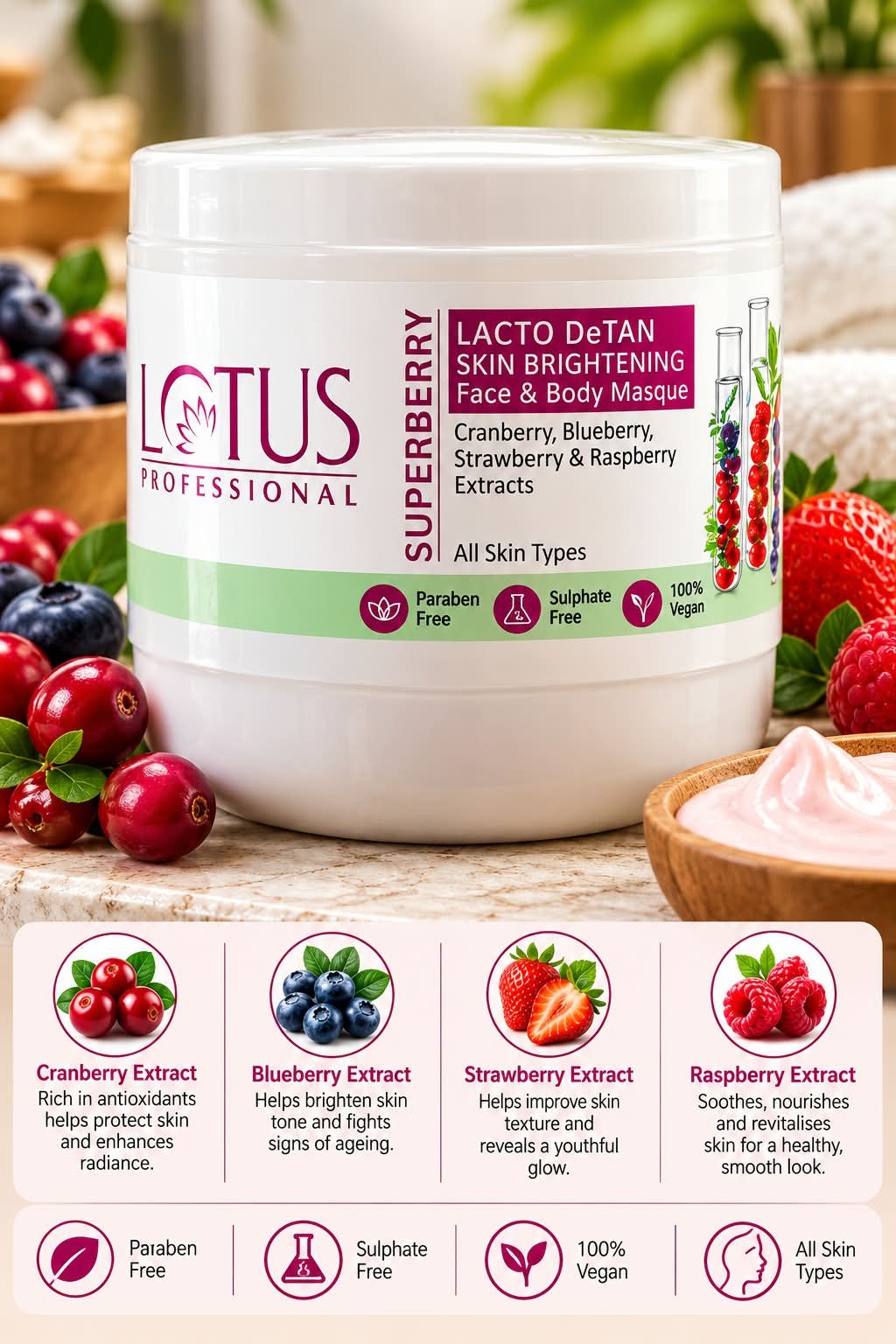 Lotus Professional SUPERBERRY LACTO DeTAN SKIN BRIGHTENING Face & Body Masque 450g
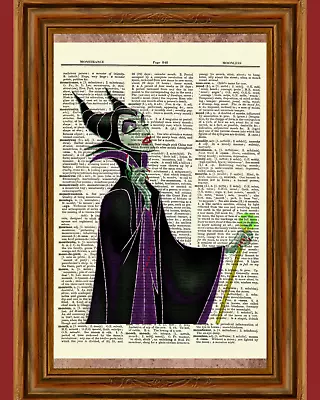 Maleficent Sleeping Beauty Dictionary Art Print Poster Picture Disney Villain  • $5.99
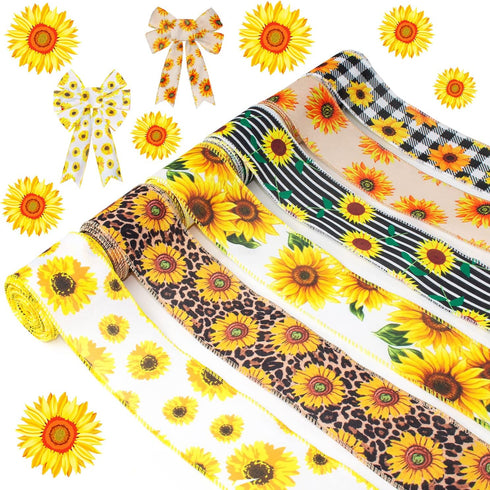 Sunflower Ribbon Wired Ribbon 6 Rolls 40 Yards Wired Edge Yellow Ribbon 2.5 Inch Burlap Ribbon Plaid Stripe Summer Fall Ribbon Floral Ribbon for B...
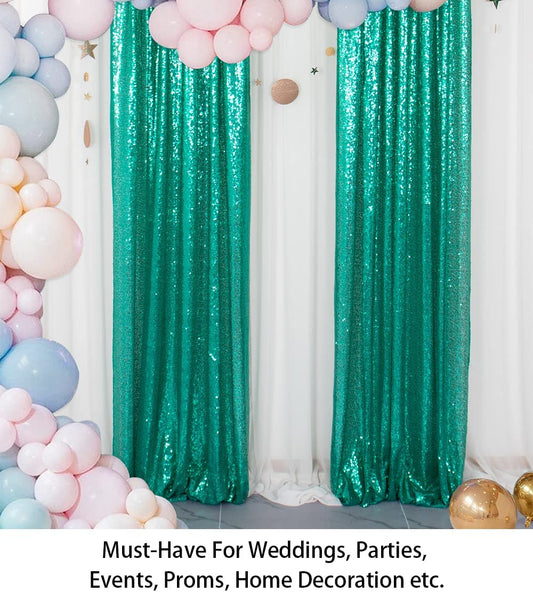 TEAL - Sequin Backdrop Curtains - 2 Panels - Baby Shower Backdrop Glitter Backdrop Sequin Backdrop for Wedding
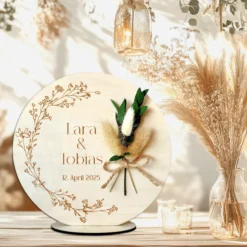 Personalisiertes Hochzeitsgeschenk Geld Geschenk aus Holz zur Hochzeit Geldgeschenk mit Namen u. Datum, Geschenk Hochzeit Tisch Deko Boho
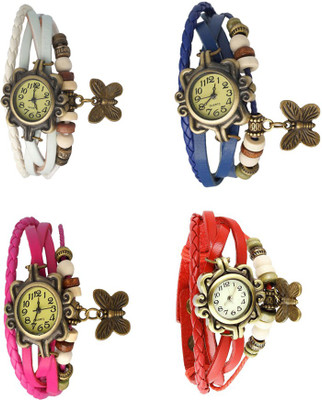 

Kissu Vintage Rakhi Combo of 4 White, Pink, Blue And Red Watch - For Women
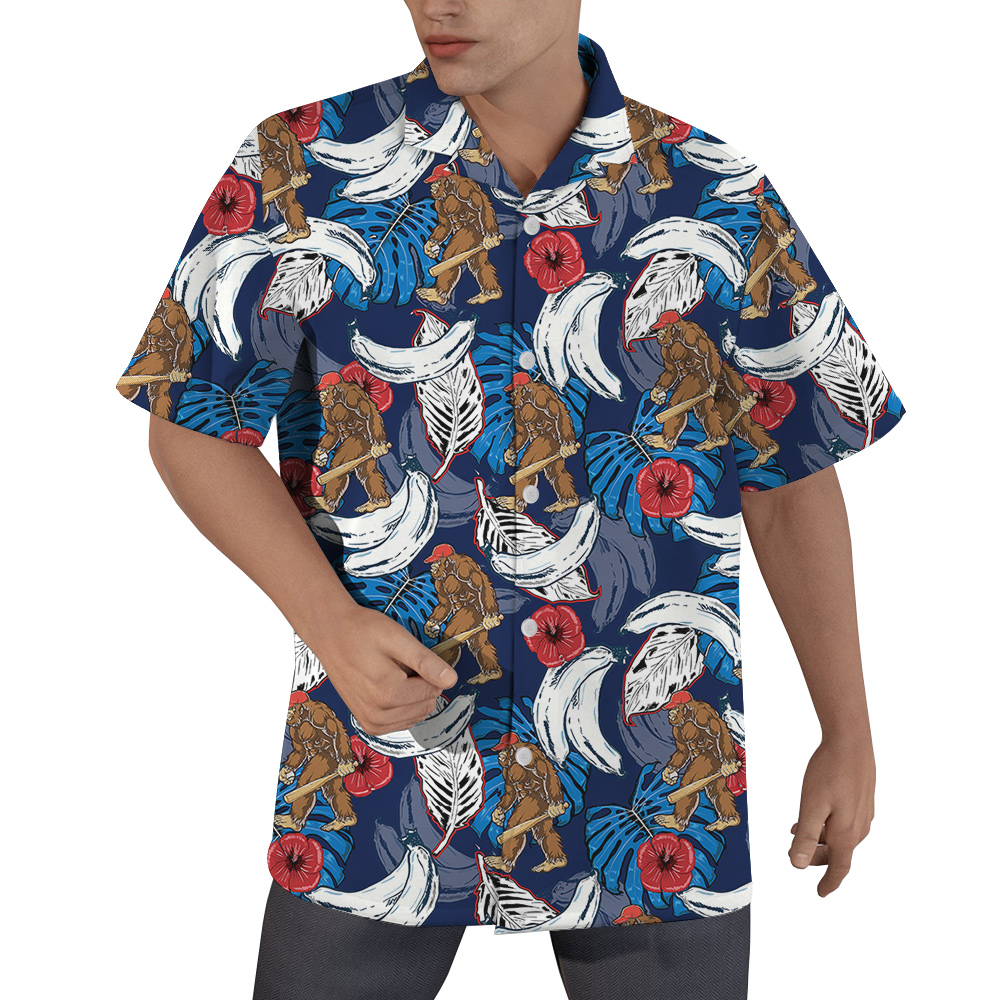 Funny Bigfoot Baseball Tropical Banana Blue Hawaiian Shirt - variant image 1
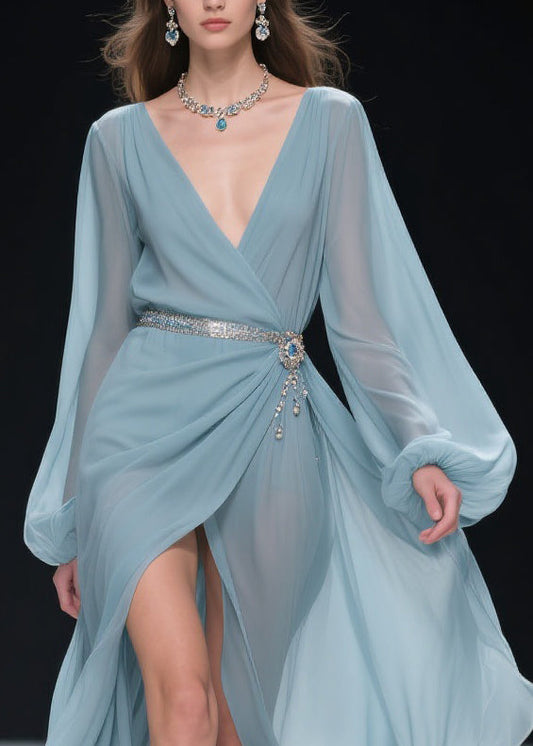 Women Blue V Neck Wrinkled Side Open Long Dresses Lantern Sleeve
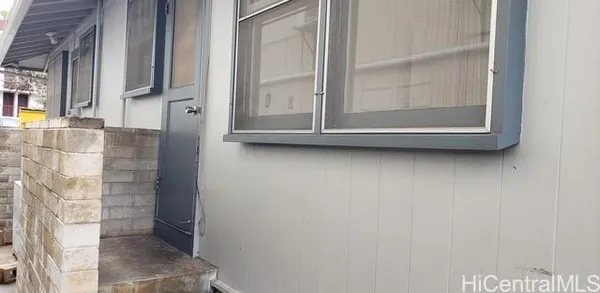 a bathroom with a glass door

* * *

# YOUR OBJECTIVE
The answer must repeat every record exactly, with all pictures left out.

# EXERCISE RESPONSE
 Lotus Professional SUPERBERRY LACTO DeTAN SKIN BRIGHTENING Face & Body Masque 450g
 Maleficent Sleeping Beauty Dictionary Art Print Poster Picture Disney Villain  • $5.99
 Sunflower Ribbon Wired Ribbon 6 Rolls 40 Yards Wired Edge Yellow Ribbon 2.5 Inch Burlap Ribbon Plaid Stripe Summer Fall Ribbon Floral Ribbon for B...
 TEAL - Sequin Backdrop Curtains - 2 Panels - Baby Shower Backdrop Glitter Backdrop Sequin Backdrop for Wedding
 Personalisiertes Hochzeitsgeschenk Geld Geschenk aus Holz zur Hochzeit Geldgeschenk mit Namen u. Datum, Geschenk Hochzeit Tisch Deko Boho

Kissu Vintage Rakhi Combo of 4 White, Pink, Blue And Red Watch - For Women
 Funny Bigfoot Baseball Tropical Banana Blue Hawaiian Shirt - variant image 1
 Women Blue V Neck Wrinkled Side Open Long Dresses Lantern Sleeve
 a bathroom with a glass door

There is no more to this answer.